Comenzando a volar junto a su diabete.

Buenas tardes grupo,

Os debía este post y he esperado a recibir a mi dulce en el aeropuerto para escribiros.

Hace 19 días mi hija de 16 años, cerca ya de los 17 se fue sola a Reino Unido, digo sola porque aunque llevaba curso de ingles contratado todo lo demás se lo organicé yo.

Tenia la alternativa de enviarla a familia o con un monitor pero a ella le gustaba el programa de adultos al cual después de un exámen fue admitida.

Asi que en Enero compré vuelos, autobus de Londres a Bournemouth , le busqué una residencia de estudiantes a cinco minutos de su cole que incluía desayuno y cena y comenzó la aventura de su vida.

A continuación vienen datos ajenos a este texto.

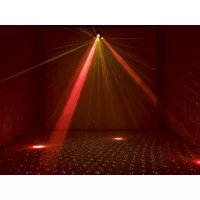 Eurolite LED PUS-6 Hybrid Laser Beam (51741081)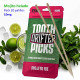 9T. Mojito Ice «Drifter» Palillos de dientes con nicotina Pack de 20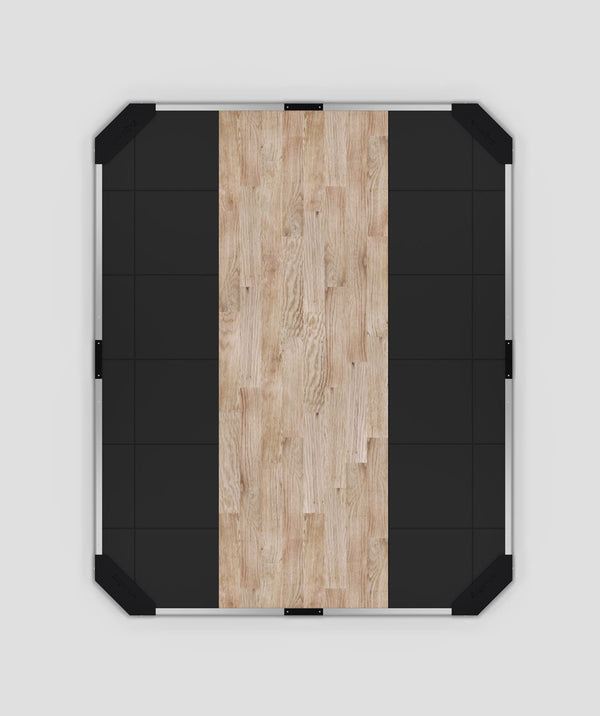 Exit Exigo® 2.44x3m Oak Lifting Platform 60mm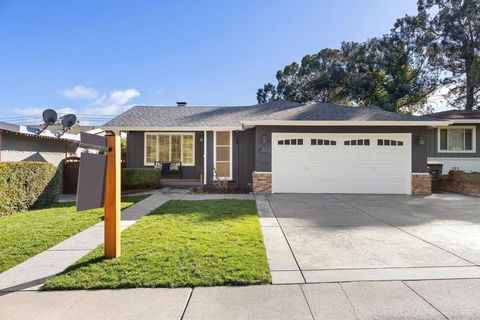 1621 Donner Avenue San Bruno CA 94066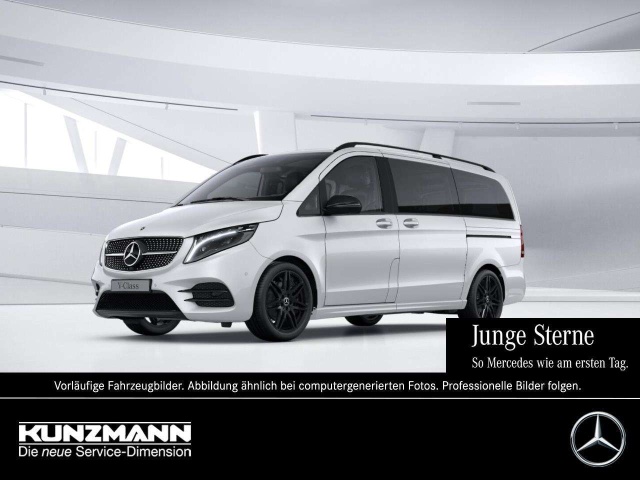 Mercedes-Benz V 250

Desde Enero se fue a Roma con su colegio, una semana con sus amigas y asi yo poco a poco iba superando el pánico de madre.

El día antes de irse fue horrible, miedo y muchos nervios, y las dos disimulando. Cuando me despedí de ella en el aerpueto y la abracé os juro que me faltó aire. Y alli la vi cruzar tan “normal”, con su sensor en la nalga y una mochila médica que me recordaba que no era tan normal.

Su primer día fue duro, obvio, la famosa adaptación a comidas y horarios, a inglés, a socializar y adi tres dias de llamadas y whatsapp y después de estos días ya solo había notificaciones de glucosa a mi móvil.

Cierto es que al quinto dia se le calló el sensor, se lo arrancó con un vaquero y aunque podía comprar uno en cualquier farmacia inglesa, decidió no hacerlo.

19 días dónde cada día crecía más cómo persona, más segura, más alegre.

Ha vivido a tope su experiencia y viene con su mochila llena de amigos y ya pensando en su próximo año y destino.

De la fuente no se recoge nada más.